Figure 1: A relationship between the document, a style and a script
in an object model. Arrows indicate the interactions between these components.
The DOM is being designed to be extensible, in form of layers. The current state of the DOM has evolved as follows:
For the purposes of this article, by any reference to the DOM, we mean the DOM according to the DOM Level 1 Specification, unless stated otherwise.
Our purpose is to facilitate "exposure" of document elements to scripts. Exposing document elements refers to the process of defining the elements and their attributes in such a way as to be presented to the scripting languages. The DOM uses an object-oriented approach to this problem. Next section will help us understand some of the inner workings of the DOM.
A document is an ordered collection of elements. An element is an object that contains all the content between the start and end tags of the element as objects, and any set of attributes that are defined for the element.
How can the scripts identify an element? Each element can be assigned a name (its tagname). For example, we can assign the H2 element an ID attribute that uniquely identifies it:
<H2 ID="foo">OBJECTS, OBJECTS AND MORE OBJECTS</H2>
Using this scheme, you can get a list of, for example, all the H2 elements in the document. On the other hand, by following the style of assignment:
<H2 CLASS="bar">OBJECTS EVERYWHERE</H2>
you can get a list of all the elements with the attribute CLASS="bar".
How can scripts locate an element? Each element object (parent) contains other element(s) (child). For example, in an HTML document, the <HEAD> element typically contains a <TITLE> element. Child objects inherit attributes from its parent elements. This results in a view of the document as an object hierarchy and also gives us a way to navigate around within the document structure.
How can scripts manipulate an element? This is where viewing elements of a document as objects becomes really useful. An important characteristic of objects is that you can reference them and their contents. Behaviours access and manipulate objects and their contents. Such behaviours can be triggered using scripts - once scripts can reference the objects and their contents, they can also manipulate them.
The title of this document is:
The convention as to how the behaviours should be referenced is defined by an object model, such as the DOM.
According to the recommendation, the DOM is defined as follows:
The Document Object Model is a platform- and language-neutral interface that allows programs and scripts to dynamically access and update the content, structure and style of documents
The DOM consists of two parts: DOM Core and DOM HTML. The DOM Core represents the functionality needed for XML documents to manipulate hierarchical document structures, elements, and attributes, and also serves as the basis for DOM HTML. The functionality that depends on the specific elements defined in HTML are given in DOM HTML section. We now present two views of the DOM.

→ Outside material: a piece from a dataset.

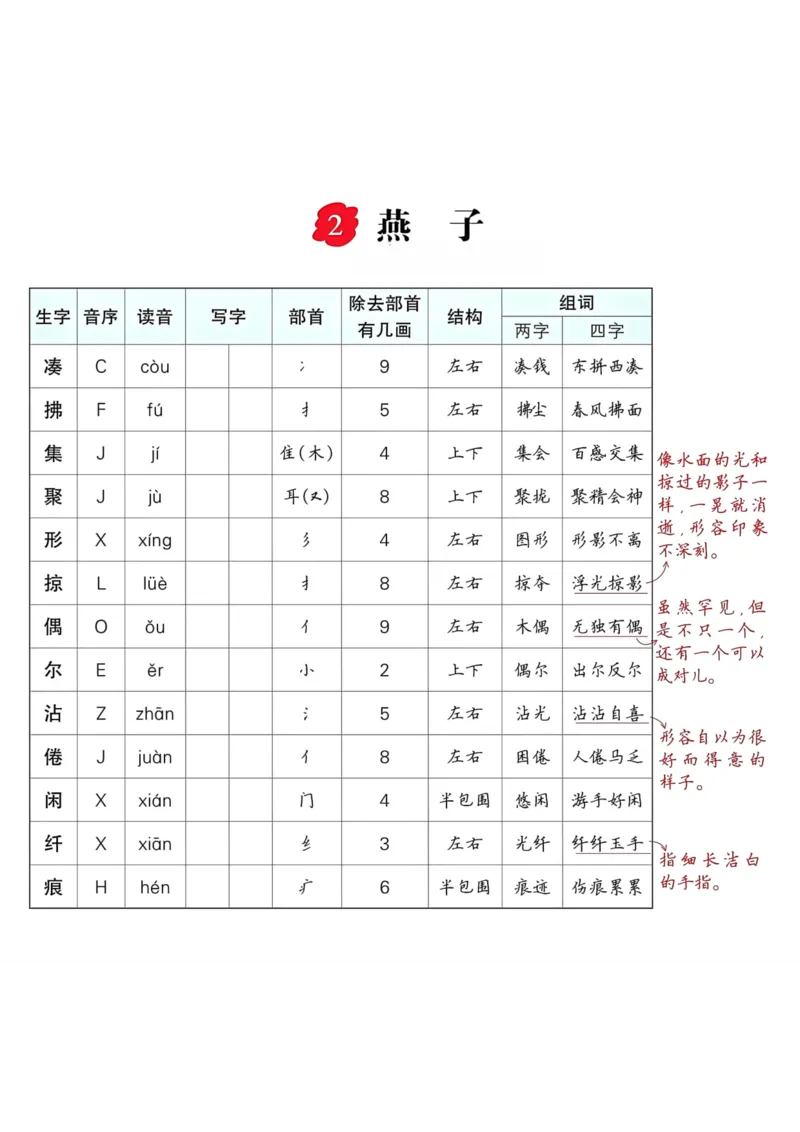 《三年级语文下册每课生字预习单_小学1-6年级全科全套_1-6年级全科下册_三年级_三年级下语文_语文三下各类考点归纳》第2页预览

An API describes the handles that are used to reference objects and their methods. DOM is an API for HTML and XML documents. It provides a standard set of objects for representing HTML and XML documents, a standard model of how these objects can be combined, and a standard interface for accessing and manipulating them. It defines the logical structure of documents and the way a document is accessed and manipulated.
The object model in the DOM is a programming object model that comes from object-oriented design (OOD). It refers to the fact that the interfaces are defined in terms of objects. The name "Document Object Model" was chosen because it is an "object model" in the traditional OOD sense: documents are modeled using objects, and the model encompasses the structure as well as the behaviour of a document and the objects of which it is composed. As an object model, the DOM identifies:
The DOM, despite its name, is not an object model in the sense of other familiar standards such as the Component Object Model (COM) or Common Object Request Broker Architecture (CORBA). (The COM or CORBA, are language independent ways to specify interfaces and objects; the DOM is a set of interfaces and objects designed for managing HTML and XML documents. The DOM may be implemented using language-independent systems like COM or CORBA. It may also be implemented using language-specific bindings.)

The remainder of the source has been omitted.